Separation Of Data And Code

The practice of keeping "code" - instructions for some machine, whether a microprocessor, a VirtualMachine, or a scripting language - distinct from data. This is often done for security reasons, to prevent untrusted code (which might compromise a machine) from being executed.

The degree and reasons for separation range from hardware-level separation (e.g. to prevent stack overflows from mucking with the machine instructions, and possibly to allow greater efficiency in the cache line since code supposedly changes slower) to higher level separation (e.g. keeping the data in databases to better secure it and because data tends to survive applications - in this view, the data is what changes slower).

The discussion below doesn't focus much on the fuzzy logical distinctions that might exist in any attempt to define 'code' as distinct from 'data'. That's probably a good thing - the wiki will be better off if it keeps such arguments centralized to DataAndCodeAreTheSameThing.


I am one who agrees with the separation. Separating them allows one to perform "magical" operations and viewpoint management techniques on the data that mixing may hinder (OoLacksMathArgument). I agree that there are minor drawbacks, but the benefits outweigh these IMO.

Data can more easily be shared between different languages and applications if "data space" is considered separate from "behavior space". Further, if you let a single language or application dish out the data, then you generally end up reinventing a (poor) database from scratch to dish it. Even if you disagree with me, my viewpoint might help you understand somebody who is used to the separation. The details of my opinion on this start at http://geocities.com/tablizer/whypr.htm and http://geocities.com/tablizer/core1.htm

Your notion of ControlTables seems to directly contradict this claim.

Good observation. Control tables by definition are not required to contain code (although I admit I have not been clear on the definition). In practice I don't do it very often. I tend to do it more often in debates because the examples OO proponents tend to choose often over-emphasize IMO the likelihood of a method being one-to-one with a table row. In practice the one-to-one relationships drift away. However, if file systems were relational instead of hierarchical, then we might have a whole new ball game on our hand. Even when I do it, the contents tend to be function calls or names only. Even if one did go hog-wild with code in the tables, the attributes are still processable via regular queries by other languages. Sharable and queriable attributes is the most important thing. The OO approach tends to pull both attributes and algorithms into the realm of one language. Putting code in tables does not change the ability of other languages and paradigms to access the attributes via relational formulas and use database tools. IOW, I am really proposing the DB-ification of attributes rather than a separation per se.

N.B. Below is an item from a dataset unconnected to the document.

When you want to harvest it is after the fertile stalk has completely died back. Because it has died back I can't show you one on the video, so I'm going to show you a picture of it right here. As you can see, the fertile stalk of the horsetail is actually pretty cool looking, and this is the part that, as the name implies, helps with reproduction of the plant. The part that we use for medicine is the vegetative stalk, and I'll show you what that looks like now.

Where the code goes is of secondary importance. Perhaps if databases were better able to handle code, or the practice was more accepted and integrated into tools, then I would not propose a separation. (FileSystemAlternatives)


I must work on some unusual systems, then. In most of the software I have been involved with, the code works directly on the data, and the only data in the system is the data that the code operates upon. Perhaps you could provide some examples where the code and data are not coupled?

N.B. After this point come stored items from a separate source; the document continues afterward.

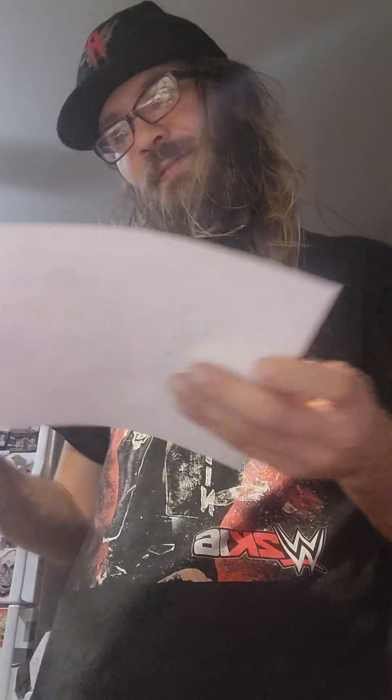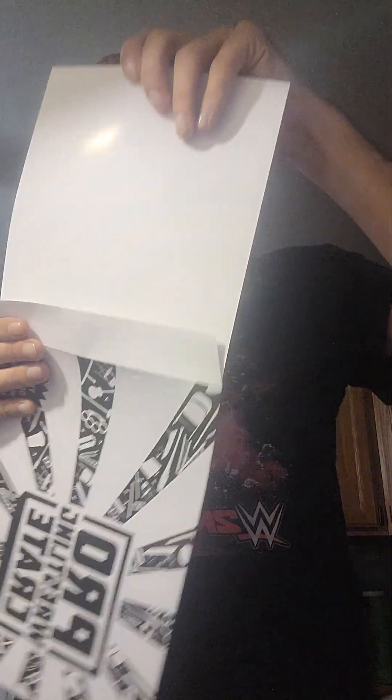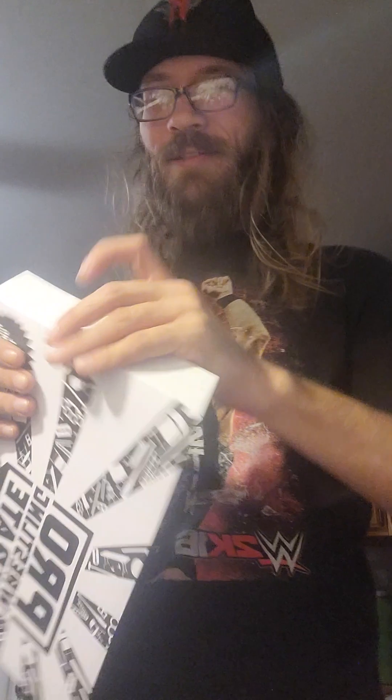What do we got for the autograph? An Eric Young autograph — cool. That would have been kind of cool if it was an MJF autograph, but you know, that would be kind of neat. I would have been like, whoa.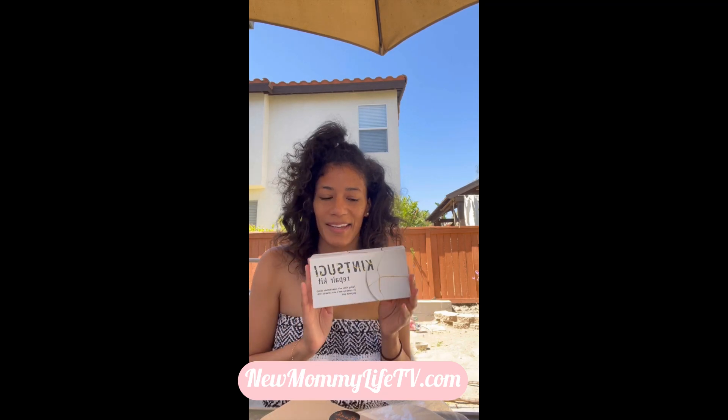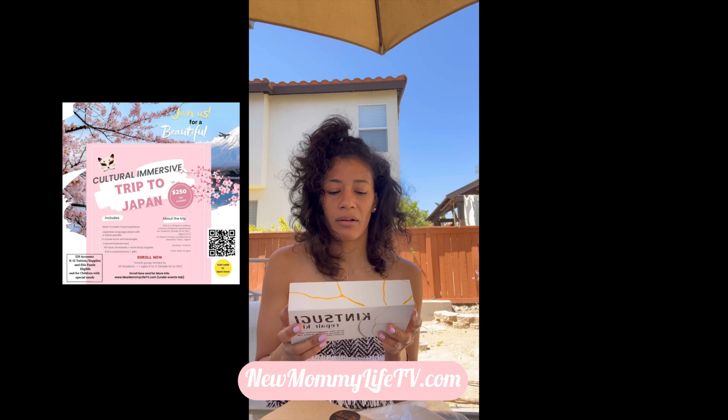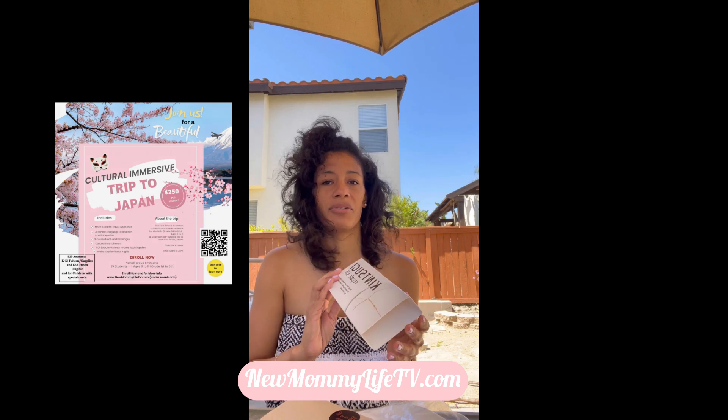I'm really excited about this kit — I've been eyeing it for quite some time and I finally ordered it. It was during our Japanese cultural immersive event that we hosted a couple months ago, and I started researching more into Japanese culture because that's one of the topics I'm also teaching.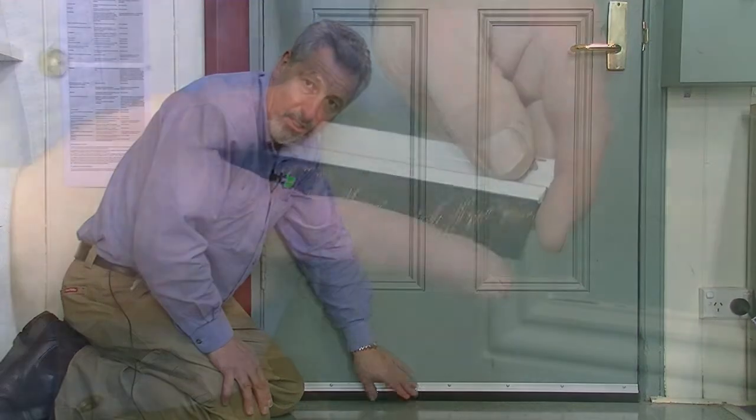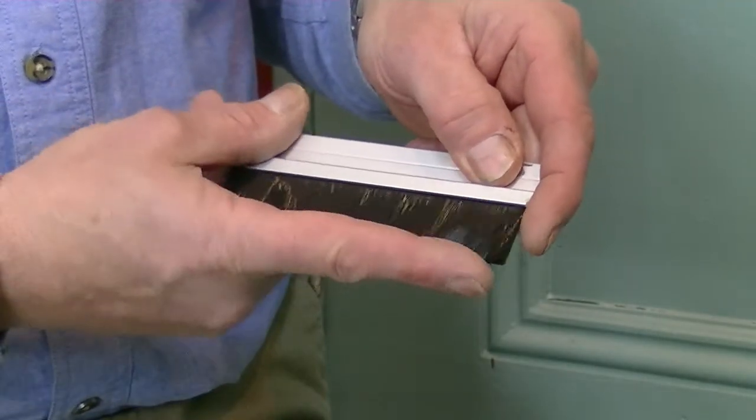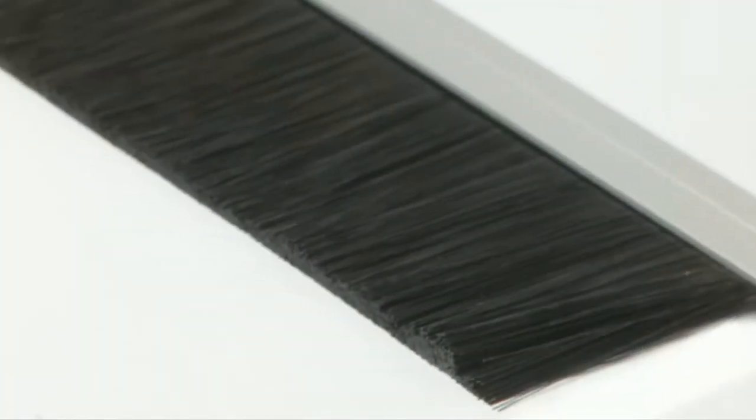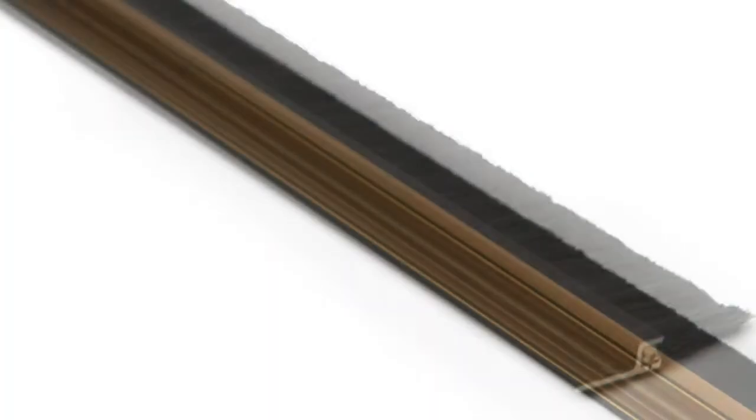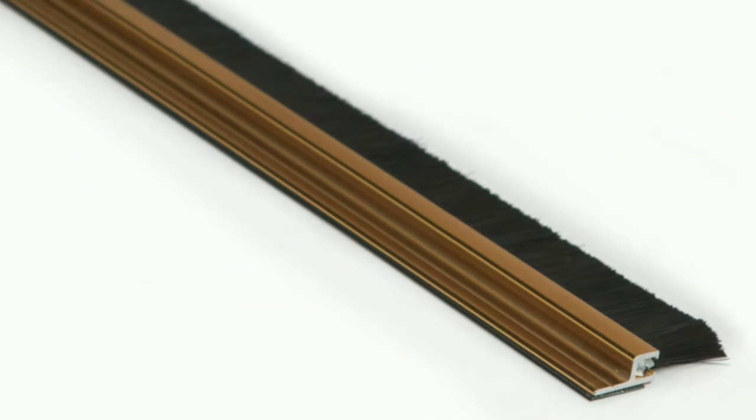They come in lots of different sizes - different heights of brush and different types of carriers. You might have an RP2A or an RP15 like this one, RP74, RP75, or the RP57 which is a very tall brush. Usually these are adhered to the door, and that's sufficient for keeping them firmly fixed for a very long time. Sometimes in commercial applications they are also screw fixed where they might get bumped. Most of these come in silver like this one and bronze anodized; the RP2A also comes in gold. Let's see how they work.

{What do you mean by "coupled" here? - "Data and code are separate"}

In most applications I work on, it is hard to know ahead of time exactly who or what is going to use which data. Thus, keeping the coupling a bit loose is a good thing in most cases.

If you do not know who is going to use the data, why is it provided? What basis was used to determine which data is to be captured and saved and which data is not of interest?

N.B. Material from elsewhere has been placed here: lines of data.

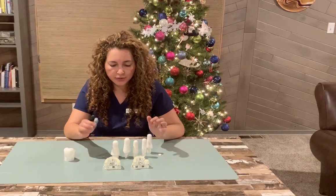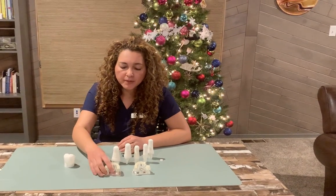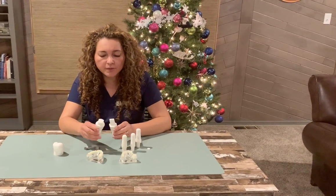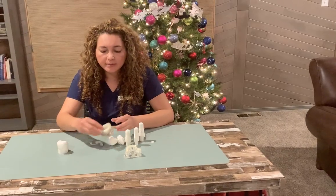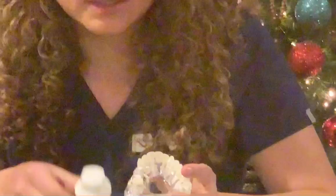Once we have the surgical guide ready, we're ready to schedule the appointment. At the appointment, we place the implant — we already chose with the tomography which implant you're going to use, because Seren root has different shapes for different areas of the mouth. When we place the implant in the surgery, we're going to control it as one piece, and we know exactly how the inclination is going to be.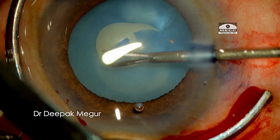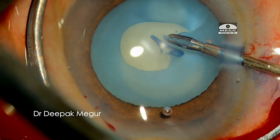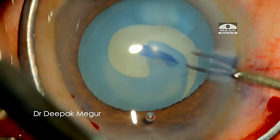A momentary lapse in concentration makes me ignore the warnings and continue. I try to perform the rescue maneuver, pulling towards the center where it is uncontrolled — and there she goes.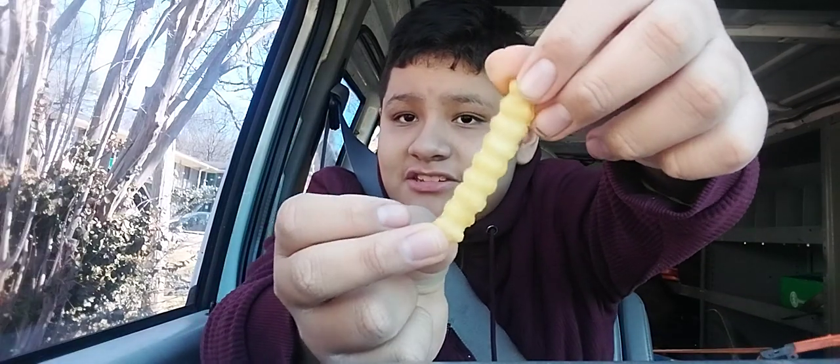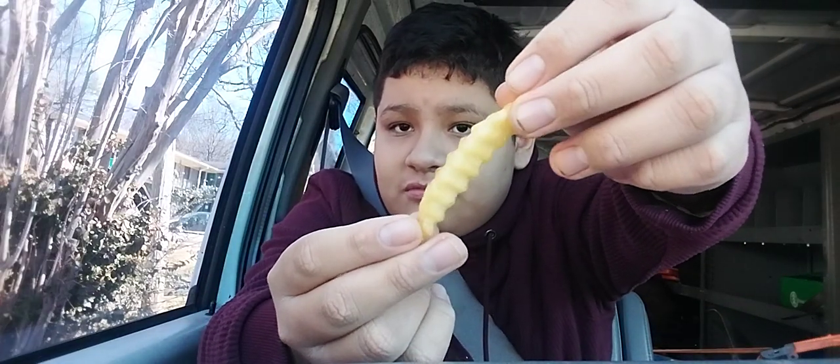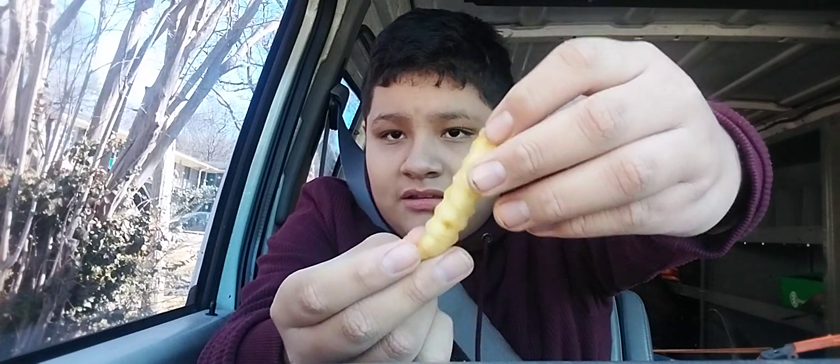I'm going to try the side first, which is the french fries. This is the thickness of them — golden yellow. Let's give it a try. Not gonna lie, those fries are actually really good.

Generally, if somebody needs a data item the needs to be persisted and/or shared, then it is added to the DB. I suppose there is an assumption in DB thinking that something that is persisted is also more likely to be shared. It becomes "a fact about the NounModel" of the domain.


I am wondering. Is encapsulation a language-centric and/or an algorithm-centric concept? Perhaps this is a fundamental philosophical battle over whether data should be king or behavior should be king?

I am beginning to warm up to the idea that this is the key difference between OO fans and RelationalWeenies. OO'ers prefer to view everything from a behavioral standpoint. Encapsulation (GateKeeper) is putting a behavioral wrapper around state (data) for the most part. However, Relational fans see data, or things treated as data, as being more dynamic and virtual. You can apply relational "math" to data (see OoLacksMathArgument). To us, encapsulation busts the ability to apply our "relativity engine" to data to get ad-hac or unanticipated views of it. Whether this makes data more vulnerable or "naked" is a complex issue. We have to ask who we are protecting it from and why.

Maybe there is a trade-off. Maybe we are trading protection for dynamism. Maybe us RelationalWeenies are making "writers" more dangerous to get more flexibility for "readers". Just a thought. I don't agree yet that we are making data "vulnerable". We could use stored procedures as the only write access point if a single writing point is what is truely desired. And there are triggers etc. for validation. See GateKeeper for more on this. It is not so much the ability for protection, but what gets emphasized or catered to more heavily.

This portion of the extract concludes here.